Crawled caption data:
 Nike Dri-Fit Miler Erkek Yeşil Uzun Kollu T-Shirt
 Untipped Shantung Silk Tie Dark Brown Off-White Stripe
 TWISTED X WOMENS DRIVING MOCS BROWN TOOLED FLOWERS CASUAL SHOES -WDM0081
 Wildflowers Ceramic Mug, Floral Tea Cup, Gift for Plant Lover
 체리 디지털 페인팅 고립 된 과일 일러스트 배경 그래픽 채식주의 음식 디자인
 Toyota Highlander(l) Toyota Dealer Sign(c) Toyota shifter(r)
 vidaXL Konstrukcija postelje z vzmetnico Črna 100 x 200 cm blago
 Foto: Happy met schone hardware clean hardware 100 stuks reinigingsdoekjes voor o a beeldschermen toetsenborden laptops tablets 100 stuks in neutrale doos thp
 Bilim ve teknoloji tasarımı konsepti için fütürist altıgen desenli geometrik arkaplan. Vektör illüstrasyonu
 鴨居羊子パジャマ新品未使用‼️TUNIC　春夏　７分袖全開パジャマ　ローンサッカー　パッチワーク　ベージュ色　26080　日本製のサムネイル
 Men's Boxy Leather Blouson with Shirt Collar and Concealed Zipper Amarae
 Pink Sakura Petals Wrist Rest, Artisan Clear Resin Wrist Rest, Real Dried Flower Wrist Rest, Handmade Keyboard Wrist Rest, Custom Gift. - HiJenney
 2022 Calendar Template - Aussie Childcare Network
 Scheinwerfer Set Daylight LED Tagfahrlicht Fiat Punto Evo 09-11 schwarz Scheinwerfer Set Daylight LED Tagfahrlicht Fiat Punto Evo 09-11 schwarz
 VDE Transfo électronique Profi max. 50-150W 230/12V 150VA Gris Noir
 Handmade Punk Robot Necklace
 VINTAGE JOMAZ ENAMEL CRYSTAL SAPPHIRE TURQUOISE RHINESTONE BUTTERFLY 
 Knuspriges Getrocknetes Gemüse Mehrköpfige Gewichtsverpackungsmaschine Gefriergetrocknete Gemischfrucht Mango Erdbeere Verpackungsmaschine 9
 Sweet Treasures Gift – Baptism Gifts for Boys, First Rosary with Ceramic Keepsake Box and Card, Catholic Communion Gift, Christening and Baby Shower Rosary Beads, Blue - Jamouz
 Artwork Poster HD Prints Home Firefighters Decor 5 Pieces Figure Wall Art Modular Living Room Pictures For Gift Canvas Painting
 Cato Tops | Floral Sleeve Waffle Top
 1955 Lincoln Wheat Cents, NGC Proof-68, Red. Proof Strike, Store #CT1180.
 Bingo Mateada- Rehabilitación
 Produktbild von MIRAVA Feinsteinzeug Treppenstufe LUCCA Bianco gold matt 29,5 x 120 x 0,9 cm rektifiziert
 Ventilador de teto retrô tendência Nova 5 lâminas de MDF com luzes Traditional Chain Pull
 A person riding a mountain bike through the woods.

### Work request
Print exactly the lines above, between the one holding "Handmade Punk Robot Necklace" and the one holding "Sweet Treasures Gift", inclusive, and nothing besides.

### Exercise answer
 Handmade Punk Robot Necklace
 VINTAGE JOMAZ ENAMEL CRYSTAL SAPPHIRE TURQUOISE RHINESTONE BUTTERFLY 
 Knuspriges Getrocknetes Gemüse Mehrköpfige Gewichtsverpackungsmaschine Gefriergetrocknete Gemischfrucht Mango Erdbeere Verpackungsmaschine 9
 Sweet Treasures Gift – Baptism Gifts for Boys, First Rosary with Ceramic Keepsake Box and Card, Catholic Communion Gift, Christening and Baby Shower Rosary Beads, Blue - Jamouz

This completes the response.